Fig 2. Client app on iOS. Home dashboard, workout plans, meal tracking, and AI-powered food analysis.

The AI Coach

The bet that the rest of the product had to defend: AI in the base tier, not premium, and trained on the coach's own voice. Every message assembles a fresh system prompt from the coach's bio, certifications, methodology, and an editable directives panel they write themselves. The client's current plan, recent assessments, and last seven days of logs layer on top.

Models
Claude Haiku 4.5 for chat. Capped at 50 messages per client per day with a 20 message rolling context window, persisted in Firestore. Gemini 3.1 Flash Lite for meal photo analysis and free text nutrition parsing. OpenAI Whisper for voice notes. Each picked for the job, not the brand.
Safety
Every coach supplied string runs through a regex sanitizer before it reaches the model. Patterns like "ignore previous instructions" and "act as" never make it into the prompt. The AI can be coached by the coach. It cannot be jailbroken by the client. Every reply carries a small "AI generated · Not medical advice" disclaimer.
(05)   What worked, what didn't, what's next

The honest version.

What worked

  • AI in the base tier was the right call. Trainerize gates it behind their top plan. I didn't. All five coaches use it daily, and clients ask it more questions than they ask the human.
  • One token, three platforms. The design system uses identical token names across web, iOS, and Android (AccentGreen, BgBase, MacroProtein). Roughly 195k lines of platform code stayed visually coherent because the names did.
  • Voice beat photo for meal logging. Not what I expected. Clients walk and talk into the app instead of stopping to compose a photo. Voice logs outpaced photo logs in the first month of beta.

What didn't

  • The AI directives panel is too powerful and too unguided. All five coaches needed me to set theirs up by hand. v2 needs a guided builder, not a free form textarea.
  • The marketing site is a placeholder. All inbound has been WhatsApp introductions from the original three coaches. That works for a beta of five. It will not scale.
  • I over designed the Insight Card system before clients had seen one. The first version would have been good enough. Three weeks lost on a component that, in hindsight, wanted to be simpler.

What's next

  • A 40% AI deflection target through July 2026. Routine client questions resolved by AI without escalating to the human coach, measured weekly across the five coach books.
  • A guided builder for AI directives, so new coaches can self serve their own voice setup in under ten minutes.
  • Wearable integrations. Strava, Garmin, Apple Watch. Deferred from v1, on deck for v2.
  • A real marketing site and a paid acquisition test in Tier 1 Indian metros.
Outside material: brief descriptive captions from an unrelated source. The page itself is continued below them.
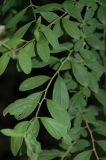 род Spiraea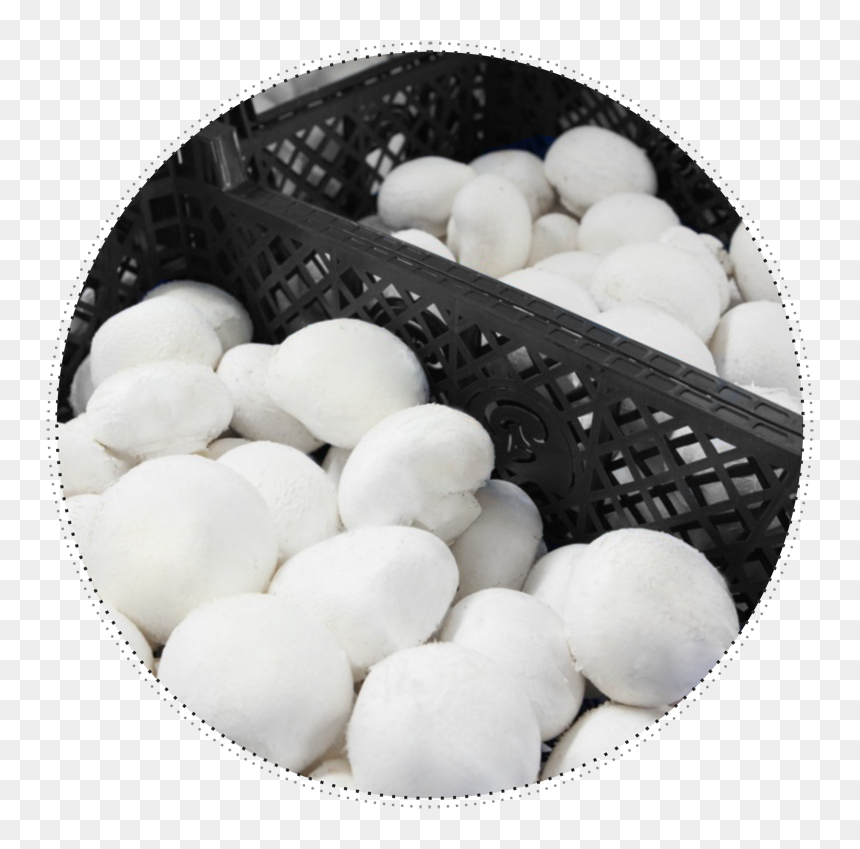 Boiled Egg, HD Png Download - mashroom png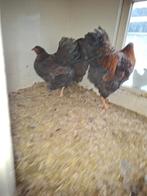 Haan met 2 hennen groot goud blauw gezoomd(zeldzaam), Dieren en Toebehoren, Pluimvee, Meerdere dieren, Kip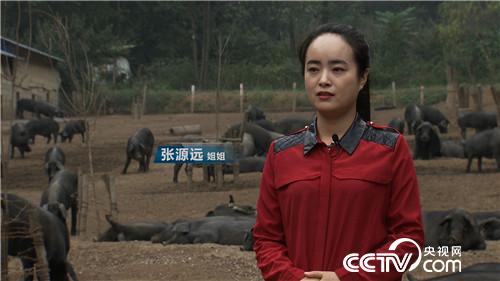 [�¸���(j��ng)]90����û������B(y��ng)���i һ�^���u2000��Ԫ 20181113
Fig 3. Fifteen minutes replaces ninety. The same daily update that took an hour and a half across eighteen spreadsheets.

(06)   Where it stands today

Pre revenue. Past the question of whether anyone would use it.

5
Coaches onboarded
3 original friends using it free. 2 additional coaches inbound after launch, together holding roughly 2,000 clients between them.
2,150
Clients served
Active in private beta as of May 2026. Spread across the 5 coach books. No paid acquisition has run yet.
~195k
Lines of platform code
React + TypeScript web (~130k), Jetpack Compose Android (~28.5k), SwiftUI iOS (~24k), Cloud Functions (~37k). Solo authored.

Two of the post launch coaches found me through WhatsApp introductions from the original three. Neither saw a marketing site, a deck, or an ad. They onboarded because someone they trusted told them this thing existed and was free for now. That's an early signal worth more to me than any vanity metric the beta could throw.
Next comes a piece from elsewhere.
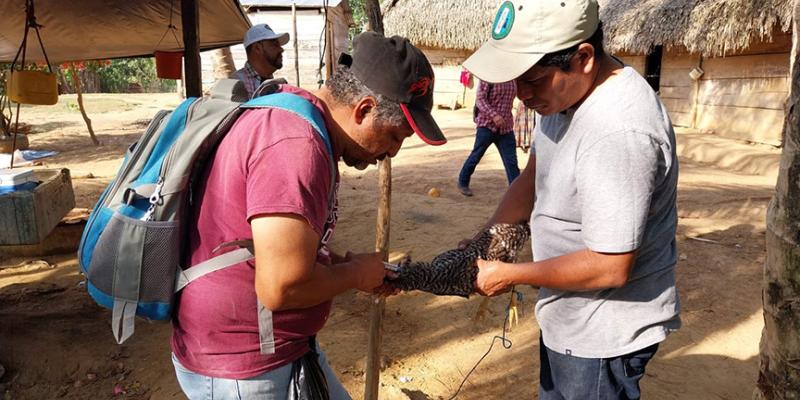 Vacunan aves de traspatio en Petén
(07)   What I'm carrying forward

Two things from this one that I'll bring to the next.

A token named design system beats a pixel perfect one. AccentGreen meaning the same thing in three codebases is what kept this coherent at solo scale. The token names were more load bearing than any individual screen.

The unit of design wasn't a screen, it was the conversation between surfaces. The most useful diagram I drew the whole twelve weeks wasn't a UI mockup. It was the flow of a single workout from coach planner to Firestore to client app to client log to coach analytics. Once that flow read clean, every screen that touched it got easier to design.